Nun, di julur seranting perdu berdaun ungu. Di sebuah negeri
awan ampas paling kapas tempat kami memutek rahim. Lenggang dalam kokoh
sebatang tubuh yang tak berimbuh rubuh. Sampai tiba takdir yang semampai mentitahkan
kami mengkal; berbuncahan, berkerubut, bersentuh rengkuh dalam rengkuh-rengkuh
kecil licin nan wangi. Bulat penuh, bening kaca. Seribu, sejuta atau mungkin
tak terjamah perhitungan isi tengkulukmu.
Kami tak empu sebutan, seperti yang lelah-telah, sebab
selain juga tak ada berfedahnya perihal itu. Cukuplah kami dimafhumi
(*kadangkala) sebagai gulir-gemulir pucat yang mengurai pejal dan amis jamuan
malam Rembulan kepada Matahari, atau juga sebagai sebasuh sela-sela jemari
perjalanan kaki tua Tuan Musim nan sengak amat kemarau. Ah, mana pernah pernah
kami ambil pusing perihal itu.
Dua menit; seratus dua puluh langgam, ketika amat pun singkat
masa kami sempurna, dengan lembut sesuatu serupa ajal mengusap kami lembut di tengkuk.

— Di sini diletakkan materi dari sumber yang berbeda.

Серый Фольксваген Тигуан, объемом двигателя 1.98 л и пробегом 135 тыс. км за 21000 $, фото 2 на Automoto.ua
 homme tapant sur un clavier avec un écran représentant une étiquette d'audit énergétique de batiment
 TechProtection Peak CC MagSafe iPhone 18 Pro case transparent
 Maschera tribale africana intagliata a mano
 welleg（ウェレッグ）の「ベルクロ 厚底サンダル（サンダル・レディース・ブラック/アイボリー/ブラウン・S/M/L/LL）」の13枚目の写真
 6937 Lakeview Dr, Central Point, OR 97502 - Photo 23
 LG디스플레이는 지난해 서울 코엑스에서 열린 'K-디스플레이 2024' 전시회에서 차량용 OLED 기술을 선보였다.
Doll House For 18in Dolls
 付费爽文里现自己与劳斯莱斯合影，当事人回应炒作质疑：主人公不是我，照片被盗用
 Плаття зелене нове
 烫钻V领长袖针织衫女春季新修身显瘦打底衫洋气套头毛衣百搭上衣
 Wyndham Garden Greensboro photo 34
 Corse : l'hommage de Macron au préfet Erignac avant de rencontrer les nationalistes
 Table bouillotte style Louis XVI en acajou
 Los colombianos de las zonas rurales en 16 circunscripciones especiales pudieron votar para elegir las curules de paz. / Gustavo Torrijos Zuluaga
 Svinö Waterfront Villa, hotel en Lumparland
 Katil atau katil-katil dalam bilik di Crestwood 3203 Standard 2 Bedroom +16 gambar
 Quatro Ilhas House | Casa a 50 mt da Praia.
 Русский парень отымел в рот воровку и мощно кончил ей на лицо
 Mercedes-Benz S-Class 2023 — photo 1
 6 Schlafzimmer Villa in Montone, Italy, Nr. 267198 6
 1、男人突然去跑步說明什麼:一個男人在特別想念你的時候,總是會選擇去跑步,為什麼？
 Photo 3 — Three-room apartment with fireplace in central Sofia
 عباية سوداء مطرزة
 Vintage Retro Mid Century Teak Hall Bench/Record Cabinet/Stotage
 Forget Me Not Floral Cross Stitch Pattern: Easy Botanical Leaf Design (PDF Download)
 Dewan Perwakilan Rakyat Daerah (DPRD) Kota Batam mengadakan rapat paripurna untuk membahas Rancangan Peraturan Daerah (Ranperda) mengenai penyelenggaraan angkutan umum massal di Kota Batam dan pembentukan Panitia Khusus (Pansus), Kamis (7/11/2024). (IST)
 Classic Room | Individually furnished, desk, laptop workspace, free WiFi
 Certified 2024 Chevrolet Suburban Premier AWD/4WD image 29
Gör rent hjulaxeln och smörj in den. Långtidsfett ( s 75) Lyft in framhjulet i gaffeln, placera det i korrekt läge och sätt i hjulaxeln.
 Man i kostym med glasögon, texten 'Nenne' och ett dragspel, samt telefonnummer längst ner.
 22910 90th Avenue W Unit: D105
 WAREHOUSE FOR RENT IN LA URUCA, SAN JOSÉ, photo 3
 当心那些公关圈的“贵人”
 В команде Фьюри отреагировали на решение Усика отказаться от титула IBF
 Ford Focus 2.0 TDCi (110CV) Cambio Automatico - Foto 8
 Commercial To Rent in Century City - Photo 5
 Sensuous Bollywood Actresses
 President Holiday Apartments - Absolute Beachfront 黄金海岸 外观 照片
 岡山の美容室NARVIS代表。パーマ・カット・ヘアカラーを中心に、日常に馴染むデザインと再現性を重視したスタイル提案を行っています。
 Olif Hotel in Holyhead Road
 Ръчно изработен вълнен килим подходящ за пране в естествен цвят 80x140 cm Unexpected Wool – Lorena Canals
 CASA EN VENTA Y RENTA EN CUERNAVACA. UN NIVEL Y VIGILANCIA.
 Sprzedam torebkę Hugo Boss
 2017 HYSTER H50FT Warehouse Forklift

Mengisyaratkan tetarian penutup kemana perhelatan dihalau, seperti nan sepunggau-punggau.
Lalu kami pun menjodohkan jemari bertungkup-tungkupan, beringsut
elok seiring tetabuhan gendang besak dan akordion (langgam bekaseh*), mengemasi
wangi kedalam kecampang pandan, lalu mengiring irama memudak liang segelap
entah. Yang sedari mula sigap merangkum syahdu langkah kami kembali. layaknya ritual
setelah mengalamatkan lipat sirih kepada suluk tangkup seorang tamu digdaya.
(gendang besak dan akordion rehat. jenjang dan halaman rumah panggung dikhitbah
sunyi).
Sementara lain cerita-cerita berhelat. Di putek lain yang
dahannya menjulur kepada rerumputan tinggi bersemu ungu, kami kembali merahim.
Menanti masa nan mengkal kembali menebahkan kami. Sebab masih ada seratus dua
puluh langgam lain yang harus tunai lunas. Ibarat pelita sampan bersauh labuh, batang ke batang, muara ke muara; tak kunjung padam. Hingga anyir gerugut garam melapukkan lambungnya karam, dan
pukat bujang tanjung tak lagi tunjam.